3o Il y avait beaucoup moins de parties ternes et rouillées dans mon premier platine que dans celui de M. de Milly, et ce n’est pas proprement de la rouille qui couvre la surface de ces particules ferrugineuses, mais une substance noire produite par le feu, et tout à fait semblable à celle qui couvre la surface du fer brûlé ; mais mon second platine, c’est-à-dire celui que j’ai pris au Cabinet du Roi, avait encore de commun avec celui de M. le comte de Milly, d’être mélangé de quelques parties ferrugineuses, qui sous le marteau, se réduisaient en poussière jaune et avaient tous les caractères de la rouille. Ainsi ce platine du Cabinet du Roi et celui de M. de Milly se ressemblant à tous égards, il est vraisemblable qu’ils sont venus du même endroit et par la même voie ; je soupçonne même que tous deux ont été sophistiqués et mélangés de près de moitié, avec des matières étrangères cristallines et ferrugineuses rouillées, qui ne se trouvent pas dans le platine naturel.

4o La production du bleu de Prusse par le platine me paraît prouver évidemment la présence du fer dans la partie même de ce minéral qui est la moins attirable à l’aimant, et confirmer en même temps ce que j’ai avancé du mélange intime du fer dans sa substance. Le décapement du platine par l’esprit de nitre prouve que, quoiqu’il n’y ait point d’effervescence sensible, cet acide ne laisse pas d’agir sur le platine d’une manière évidente, et que les auteurs qui ont assuré le contraire ont suivi leur routine ordinaire, qui consiste à regarder comme nulle toute action qui ne produit pas l’effervescence. Ces deux expériences de M. de Milly me paraissent très importantes ; elles seraient même décisives si elles réussissaient toujours également.

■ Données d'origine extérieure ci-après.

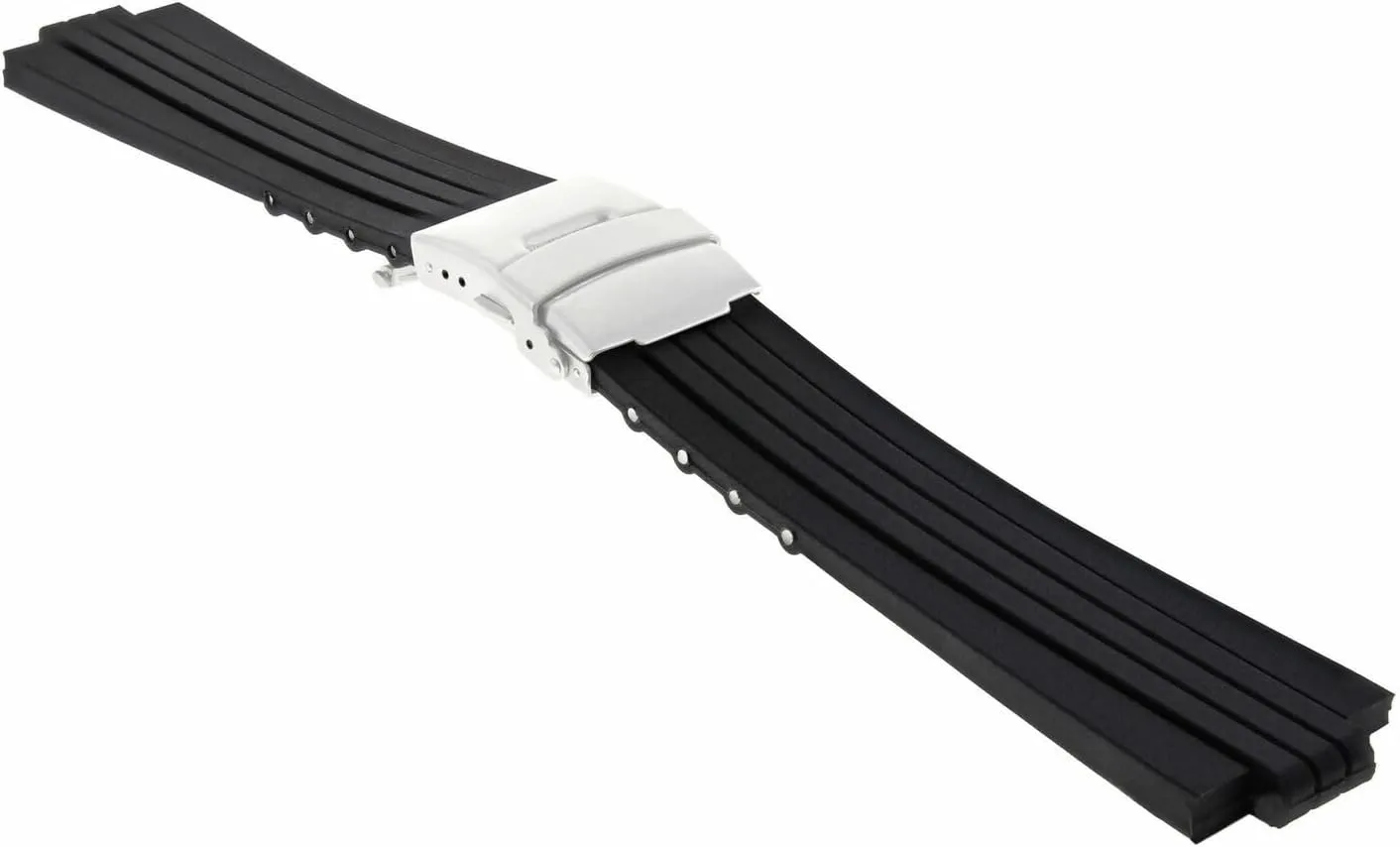 Ewatchparts 24mm Silicone Rubber Diver Band Strap Compatible With Oris TT1 & Williams F1 Black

5o Il nous manque en effet beaucoup de connaissances qui seraient nécessaires pour pouvoir prononcer affirmativement sur l’origine du platine. Nous ne savons rien de l’histoire naturelle de ce minéral, et nous ne pouvons trop exhorter ceux qui sont à portée de l’examiner sur les lieux, de nous faire part de leurs observations. En attendant, nous sommes forcés de nous borner à des conjectures, dont quelques-unes me paraissent

  1. J’ai trouvé depuis dans d’autre platine des paillettes d’or qui n’étaient pas jaunes, mais brunes et mêmes noires comme le sablon ferrugineux du platine, qui probablement leur avait donné cette couleur noirâtre.